Human Capacity and Fidelity of Natural Image Representation
The human visual system has been extensively trained to deal with millions of natural images, giving it the opportunity to develop robust strategies to quickly identify novel input and remember familiar objects and scenes. Although it is known that the human memory capacity for images is massive, the fidelity with which the human system can represent such a large number of images is unknown. We conducted three large-scale experiments to determine the capacity of visual details of human memory, by systematically varying the amount of detail required to succeed in subsequent memory tests. Contrary to the commonly accepted view that natural image representations contain only the gist of what was seen, our results show that human memory is able to store an incredible large amount of different visual images with a large amount of visual detail per item. These present a great challenge to neural and computational models of object and natural image recognition, which must be able to account for such a large and detailed storage capacity. Work in collaboration with Talia Konkle, Timothy Brady and George Alvarez.

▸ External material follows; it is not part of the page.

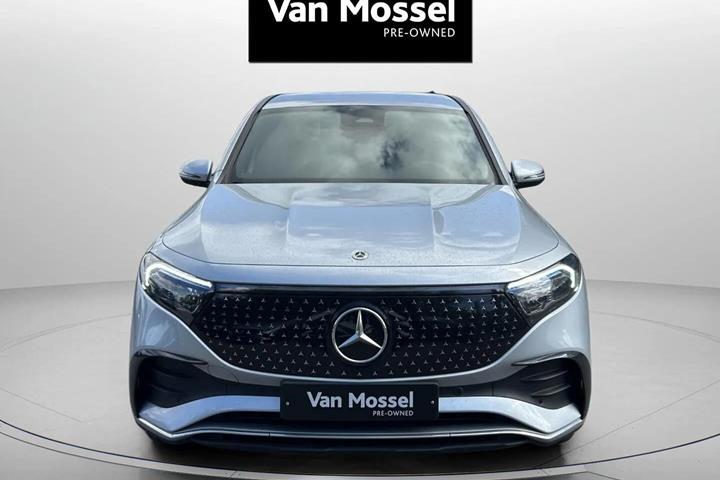Sølv Mercedes EQB 250+ fra 2025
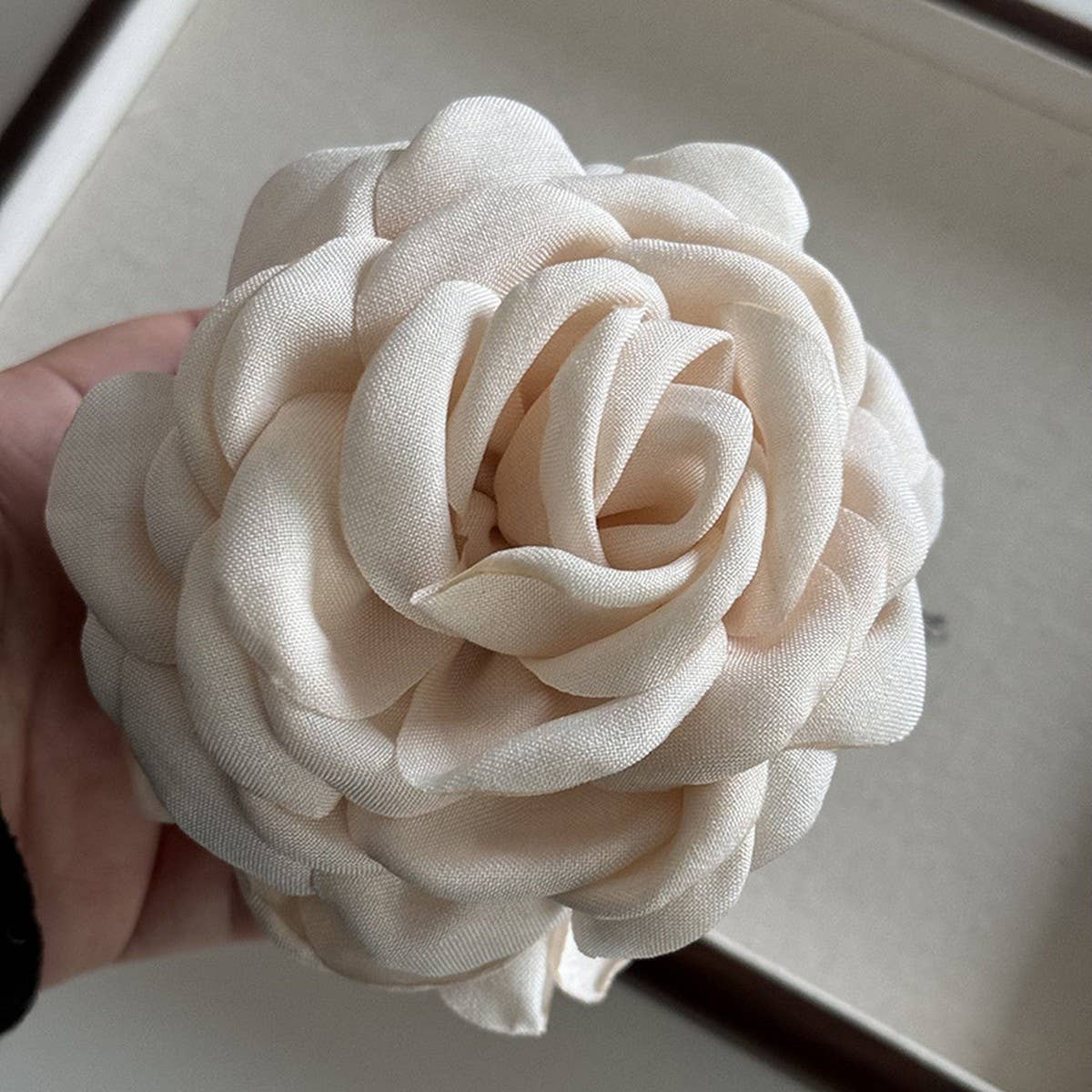RETRO TEMPERAMENT ROSE FLOWER CLIP FOR WOMEN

Information Scaling and Manifolds Learning in Natural Images and Video
The studies of natural image statistics have been mostly focused on marginal observations such as histograms and co-occurrence matrices. In this talk, I'd present some recent progress in studying the manifolds in hi-dimen spaces of image (video) patches. It is evident that there are two types of manifolds: explicit manifolds of low dimensions for image structures/primitives and implicit manifolds of high dimensions for textures. And there are a spectrum of other manifolds that mixing the two types in the universe of image patches and these manifolds are connected through information scaling. This observation leads to a mathematical model that integrates Markov random fields and sparse coding for the primal sketch representation conjectured by David Marr. I'd also present some manifolds in the video patches which expand in dimensions of lighting and motion.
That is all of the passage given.